§ Aim of the task
The line holding "Round Sintered Stone" is the last one to output; start at the first line of the data, keep every line in between exactly, and leave out pictures.
Given records below:
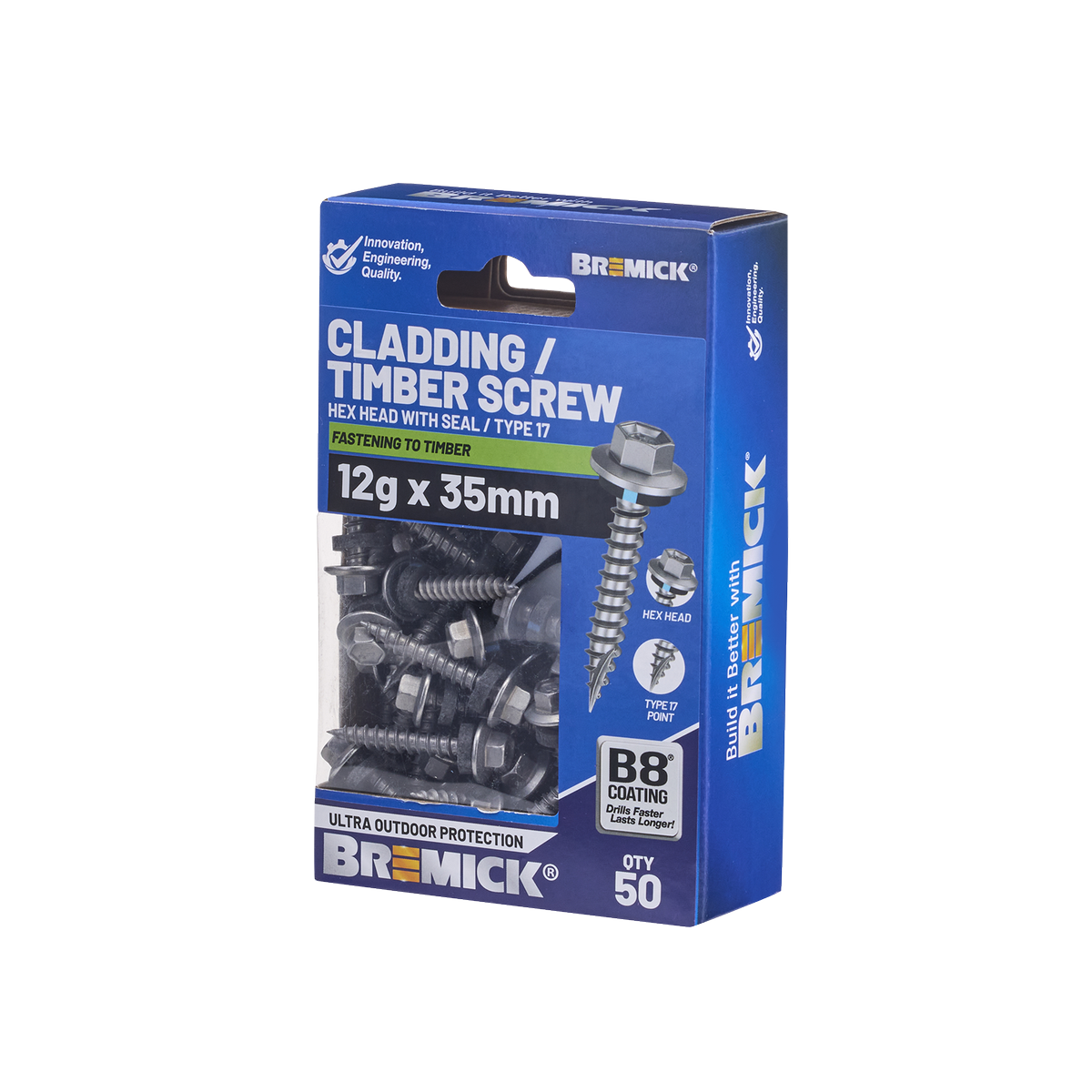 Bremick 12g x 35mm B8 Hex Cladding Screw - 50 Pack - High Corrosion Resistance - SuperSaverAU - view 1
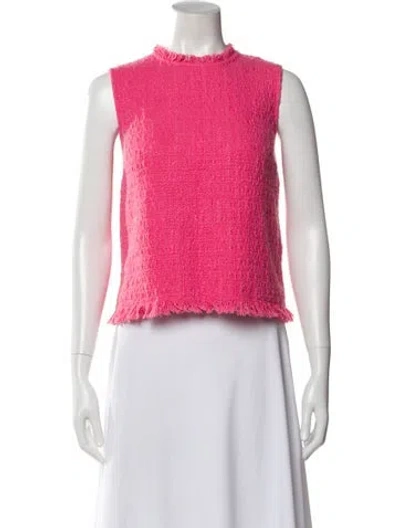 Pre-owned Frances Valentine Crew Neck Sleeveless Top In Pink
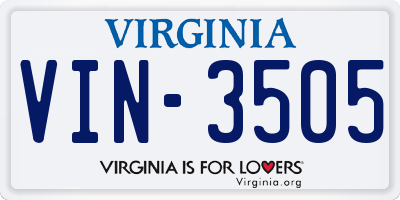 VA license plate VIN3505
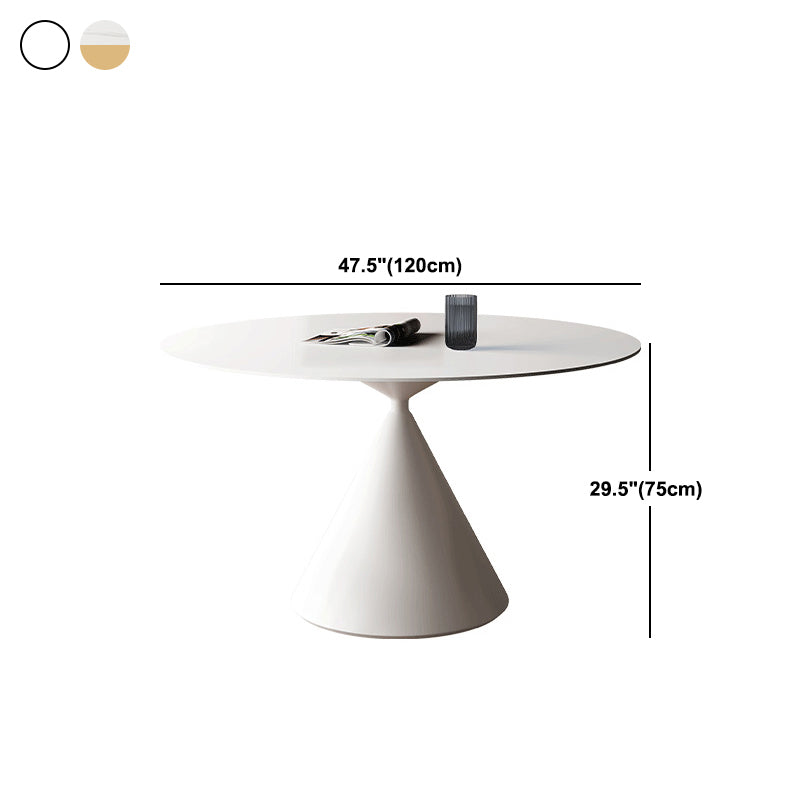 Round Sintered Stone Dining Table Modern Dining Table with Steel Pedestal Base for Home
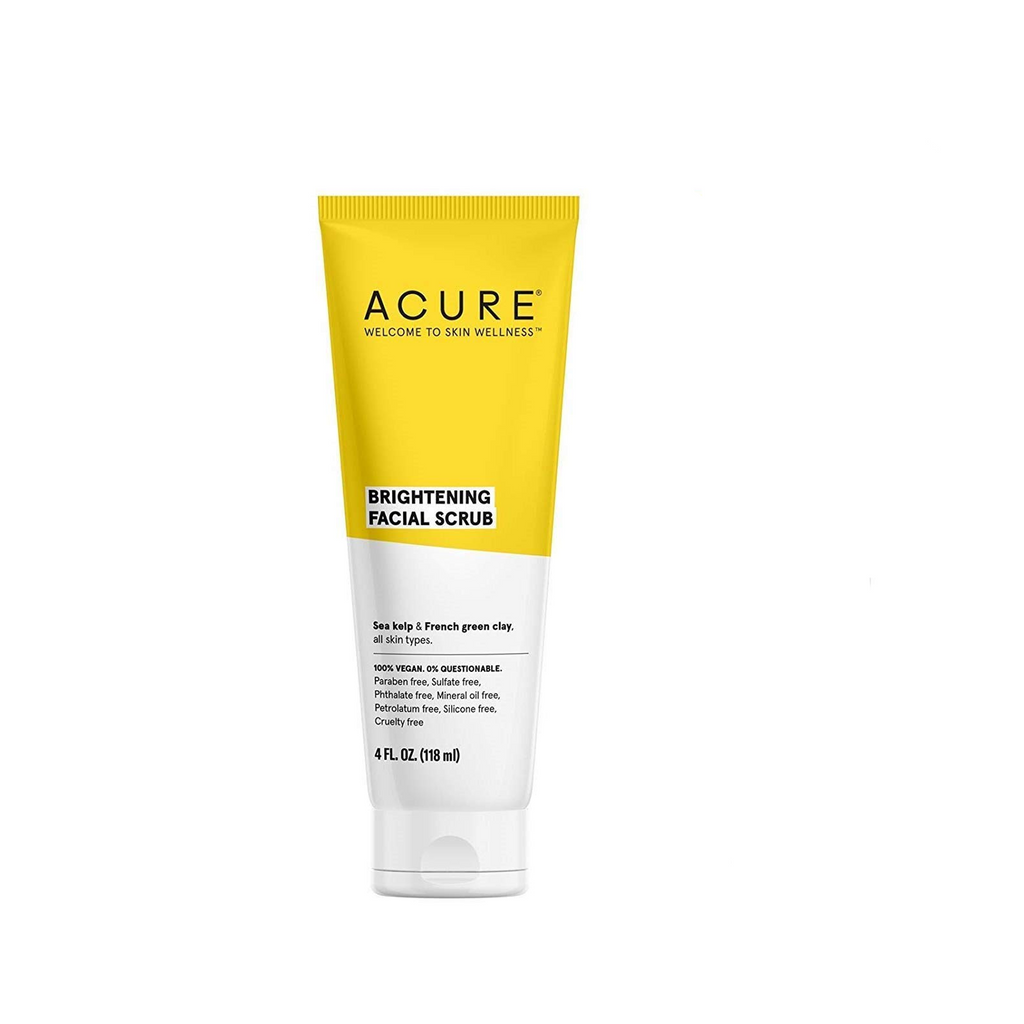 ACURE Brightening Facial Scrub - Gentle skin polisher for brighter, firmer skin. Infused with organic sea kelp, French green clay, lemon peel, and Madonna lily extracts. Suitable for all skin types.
End of Given records.
§ Solution below
 Bremick 12g x 35mm B8 Hex Cladding Screw - 50 Pack - High Corrosion Resistance - SuperSaverAU - view 1
 Pre-owned Frances Valentine Crew Neck Sleeveless Top In Pink
 VA license plate VIN3505
 Round Sintered Stone Dining Table Modern Dining Table with Steel Pedestal Base for Home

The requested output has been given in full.